Sexual confidence is one thing; blatant exhibitionism is quite another. Meredith was so mortified by the
pink “Rampant Rabbit” vibrator on display in their shared bathroom that she felt compelled to point it out to everyone who visited and explain that it wasn’t hers. It almost seemed as if Amanda were brandishing it as a symbol of her sexual power over Meredith. “Isn’t it odd that a girl arrives and the first thing she shows is a vibrator?” Meredith’s friend Amy Frost would later ask.
Housekeeping was another point of conflict among the roommates. Amanda left unwashed dishes in the kitchen, her clothes and shoes were often scattered throughout the common areas, and Filomena and Laura finally resorted to a cleaning schedule in an effort to keep the house tidy. Meredith was especially disgusted by the fact that Amanda rarely flushed or scoured the toilet. But that issue may have been in part cultural. Back home in Seattle, over-flushing is an ecological faux pas. “If it’s yellow let it mellow. If it’s brown flush it down,” goes the popular West Coast mantra. That brand of eco-vigilance is not part of the British psyche, however, and Meredith felt that Amanda was leaving the toilet dirty intentionally to offend her. She complained about it to her parents.

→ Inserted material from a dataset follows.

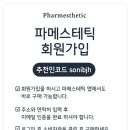 이쁜 피부 부탁해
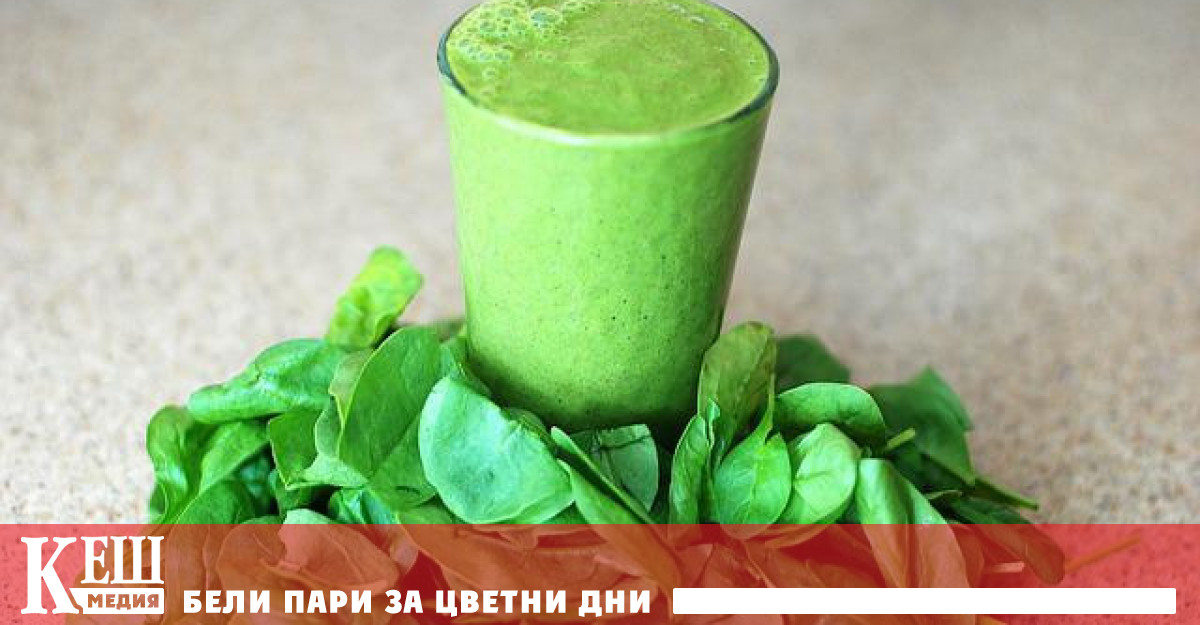 Тя обяснява че диетата в която преобладават зеленчуците помага да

As is so often the case in university life, fast friendships die even more quickly than they form. Amanda and Meredith were very close when Amanda first
moved in. But the bond quickly withered, and everyone in the household soon grew wary of Amanda, who persisted in bringing home a parade of strangers even when the other girls asked her to stop. In Perugia, all sorts of young and not-so-young men lurk on the edges of the student scene, ever ready to make a drug connection or exploit some foreign girl’s romantic fantasies about life in Italy. Amanda did not always bring these men back for sex, although she did manage to bed a Greek, an Albanian, and an Italian other than Raffaele during her first few weeks in Perugia. Still, she was trusting and naive with strangers in a way that made the other roommates feel increasingly vulnerable. They worried that Amanda would bring home someone who would rape or rob them. Meredith was particularly concerned about an Argentinean man whom Amanda had met at an Internet café. He was too friendly, often touching and kissing both Amanda and Meredith against their will. Meredith told friends how uncomfortable she was about him coming to the house, and they, in turn, would tell police that the Argentinean was most likely her killer. But he was out of town when the murder occurred.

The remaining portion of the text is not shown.